Syntax highlighting certain Unicode characters

  • Hi. I’m proofreading some OCR’ed text in NPP and it contains some Cyrillic (among other things). Since several Cyrillic letters are of exactly the same shape as certain Latin letters, but of course they go by different code, I would like to syntax highlight them to be sure what am I seeing. Is that possible, please?

  • NB. For the time being, I quasi-solved it by creating a delimiter style to highlight between characters { and } and performed a regex replacement of [complete cyrillic alphabet here]+ to {$0} thus enclosing any Cyrillic character or word between { } braces.
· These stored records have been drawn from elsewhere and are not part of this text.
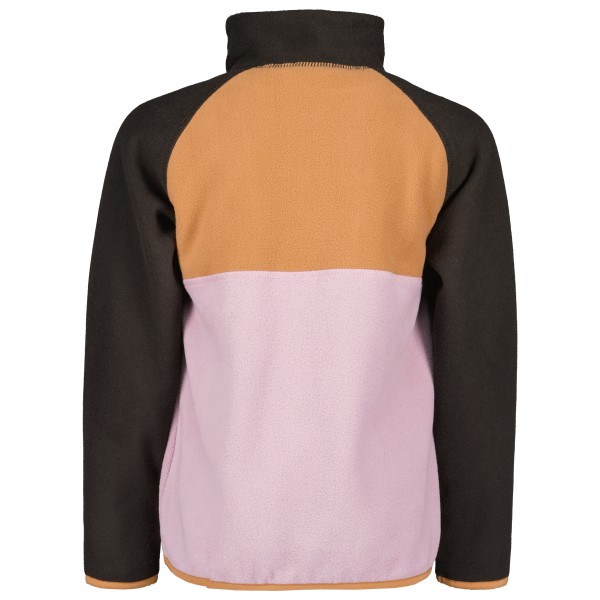 Didriksons - Kid's Yokto Half-Buttoned 2 - Fleecesweatere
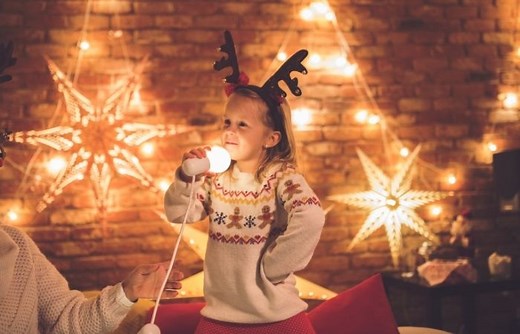 Letras de villancicos para no parar de cantar estas Navidades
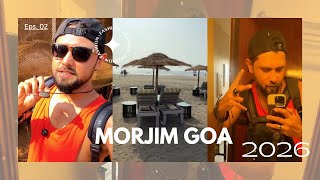 Download Lagu Morjim Beach: The Secret Paradise of Goa MP3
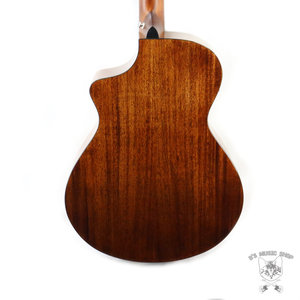 Breedlove Breedlove Discovery S Concert CE Sitka-African Mahogany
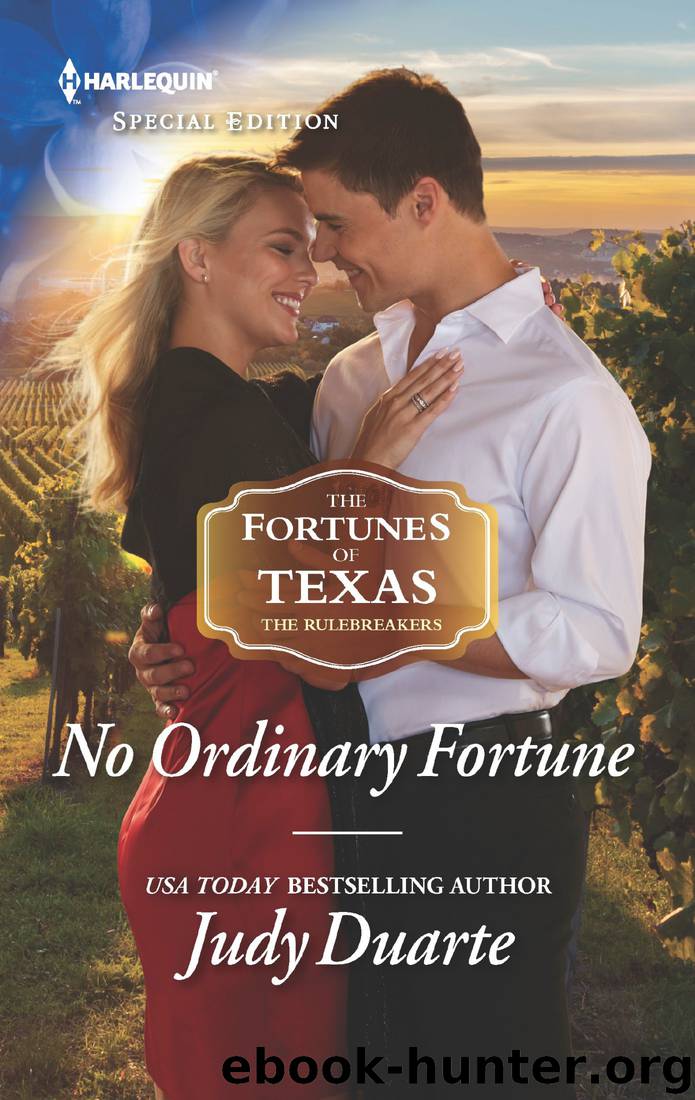 No Ordinary Fortune by Judy Duarte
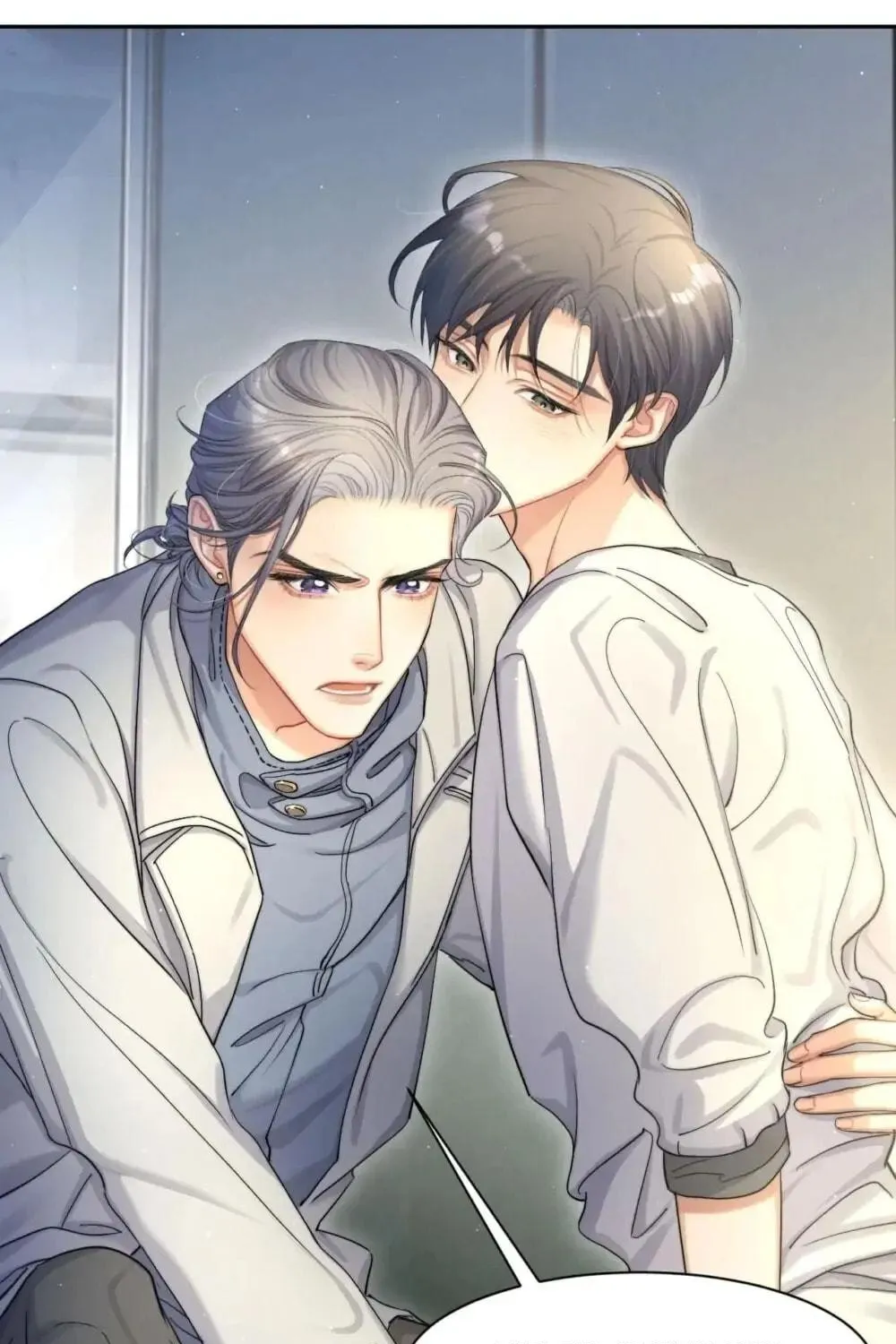 Read Intoxicated Love chapter 16 image 51 on Lezhin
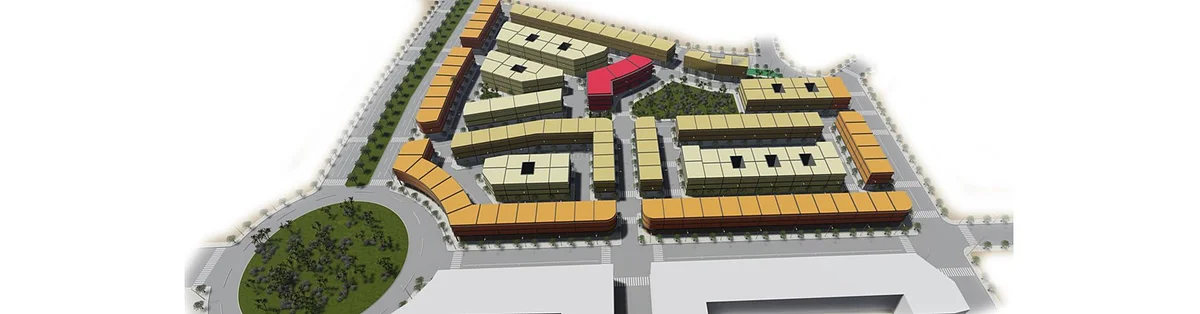 LOTISSEMENT AL FIRDAOUS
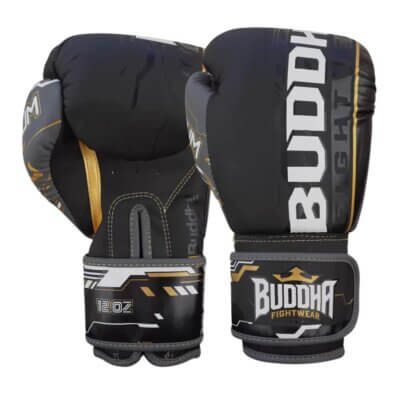 Luvas de Boxe Buddha Millenium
But this isn’t very nice of course.

  • Cannot be solved via UDL, afaik.
    Two possible solutions might be to mark the regex matches instead of replacing it (4th tab of find/reaplce dialog)
    or to use a scripting plugin like pythonscript, lua script … to write your own quasi-lexer.

  • Sorry to hear that, @Ekopalypse, but actually, I know nothing of either Python or Lua, nor about the programming of NPP. So, this won’t be solved. Thank you for letting me know.

  • @Láng-Attila-D

    I hope we haven’t misunderstood each other but

    mark the regex matches instead of replacing it (4th tab of find/reaplce dialog)

    doesn’t involve any programming and doesn’t manipulate your text either.

  • Oh, I see. I wasn’t aware about that function. Well, it’s nice, too. The only problem is that it doesn’t remain so after reopening the document. Well, better than nothing. Thank you.

  • @Láng-Attila-D

    strictily speaking, UDL does not remain too but get automatically reapplied.
    One further thing you can do is to record a macro, save the action and assign
    a shortcut then you have to just press that shortcut and the regex marks get reapplied as well.